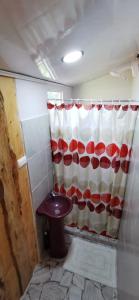 蒙泰韦尔德哥斯达黎加Mora's Place B&B的浴室设有红色和白色的淋浴帘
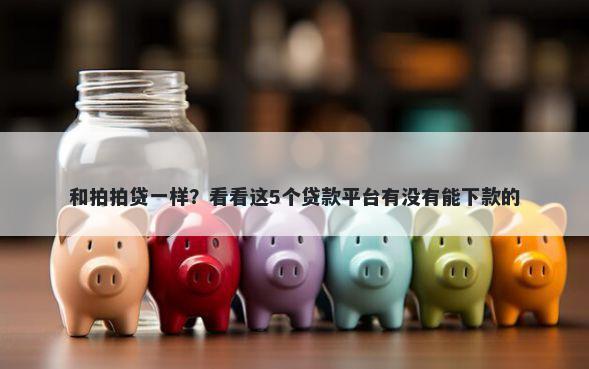 和拍拍贷一样？看看这5个贷款平台有没有能下款的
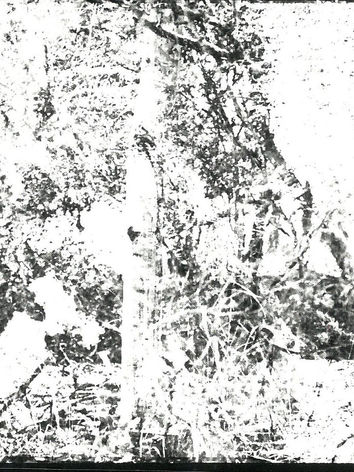 scan_tangcc21_2023-01-06-10-44-20_Page_8.jpg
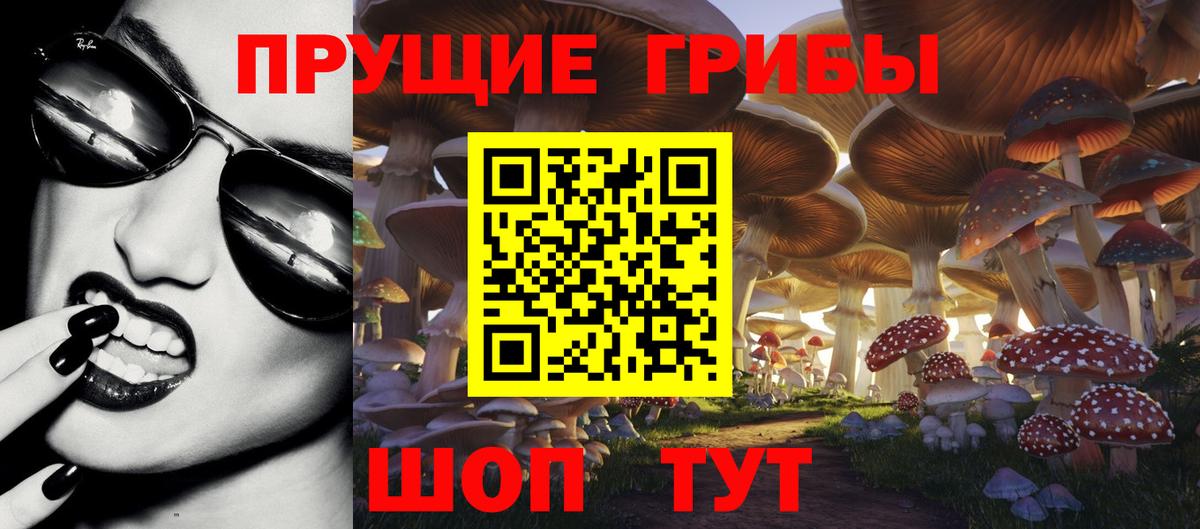 Жуковский  Псилоцибиновые грибы мухоморы  Вход с VPN 
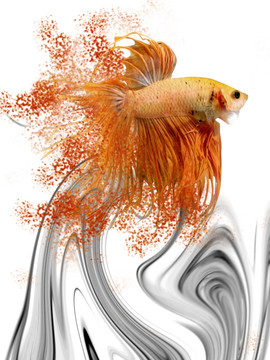 彩墨藝術(shù)斗魚裝飾畫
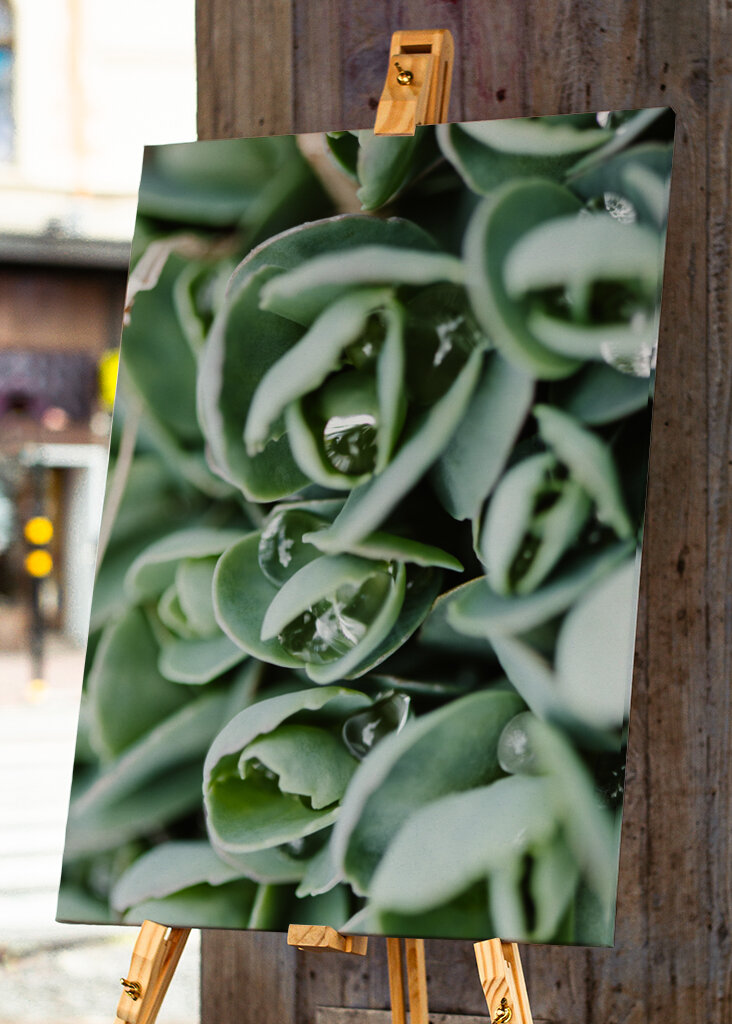 Droppeds of succulents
━━━━━━━━━━━━━━━━━━━━
Work to complete: Return every record exactly, without the pictures.

Response:
 蒙泰韦尔德哥斯达黎加Mora's Place B&B的浴室设有红色和白色的淋浴帘
 和拍拍贷一样？看看这5个贷款平台有没有能下款的
 scan_tangcc21_2023-01-06-10-44-20_Page_8.jpg
 Жуковский  Псилоцибиновые грибы мухоморы  Вход с VPN 
 彩墨藝術(shù)斗魚裝飾畫
 Droppeds of succulents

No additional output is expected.